The football associations of England, Scotland, Wales and Northern Ireland came together to put together a proposal to host the 2030 edition of the World Cup in 2018, with the Football Association of Ireland (FAI) also announcing it would join its UK counterparts.
Then-Prime Minister Theresa May confirmed that the government would back the bid, as the four FAs prepared to conduct a feasibility study into the possibility of hosting the event.
“The football associations and government partners of the UK and Ireland are delighted that the UK government has committed to support a prospective five-association bid for the 2030 FIFA World Cup,” a joint statement released by the five football associations read.

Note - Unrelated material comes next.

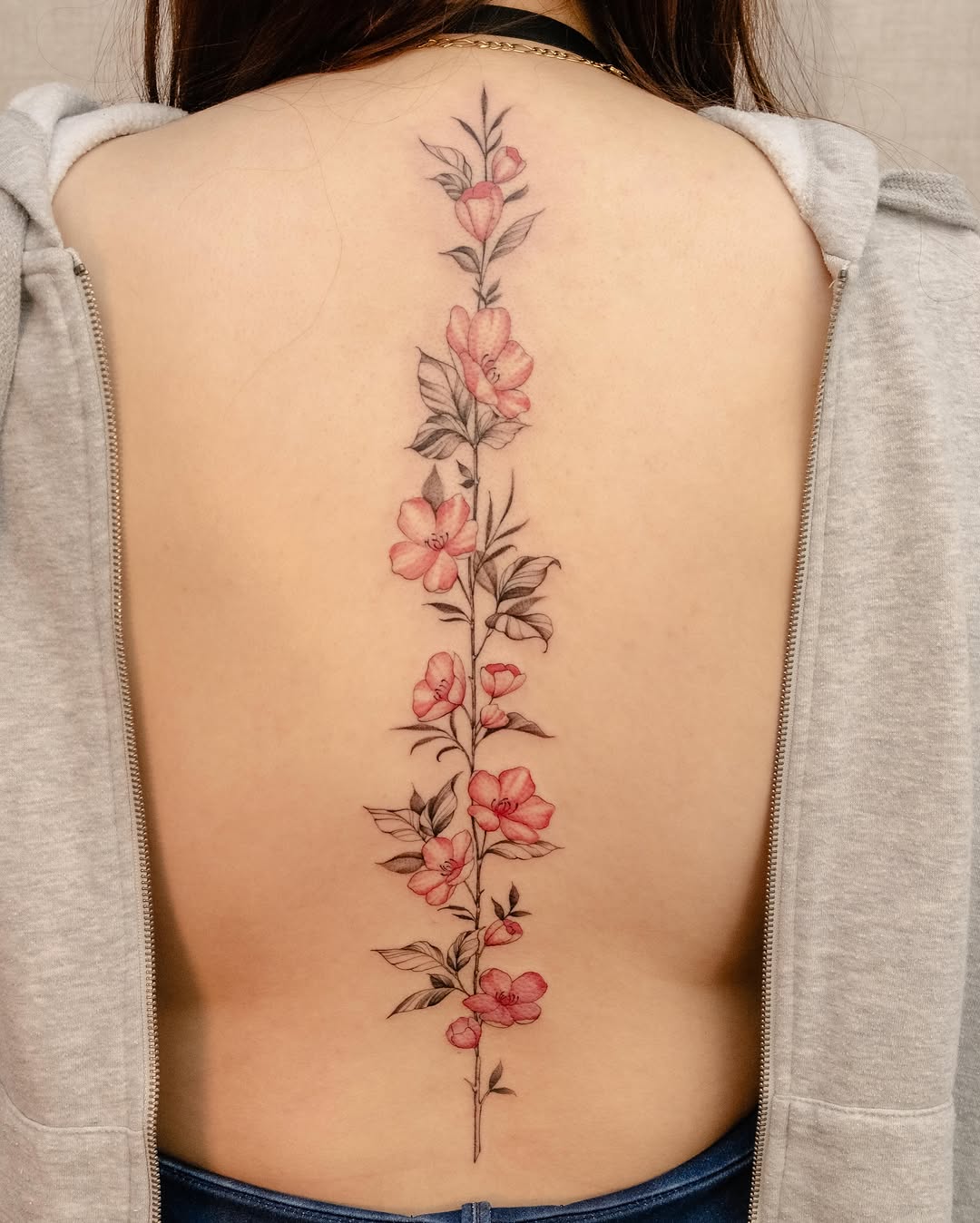 Flower vine fine line tattoo on the back by Koko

“We will continue to undertake feasibility work to assess the viability of a bid before FIFA formally open the process in 2022. Staging a FIFA World Cup would provide an incredible opportunity to deliver tangible benefits for our nations.
“If a decision is made to bid for the event, we look forward to presenting our hosting proposals to FIFA and the wider global football community.”
The UK, which has only hosted the World Cup once in 1966 when England famously took the title, lost out to Russia to host the 2018 tournament, earning just two votes out of 22 from FIFA.
Qatar is set to stage the 2022 event, and it has been announced that the US, Canada and Mexico will co-host the 2026 tournament, opening the 2030 World Cup as the next available slot.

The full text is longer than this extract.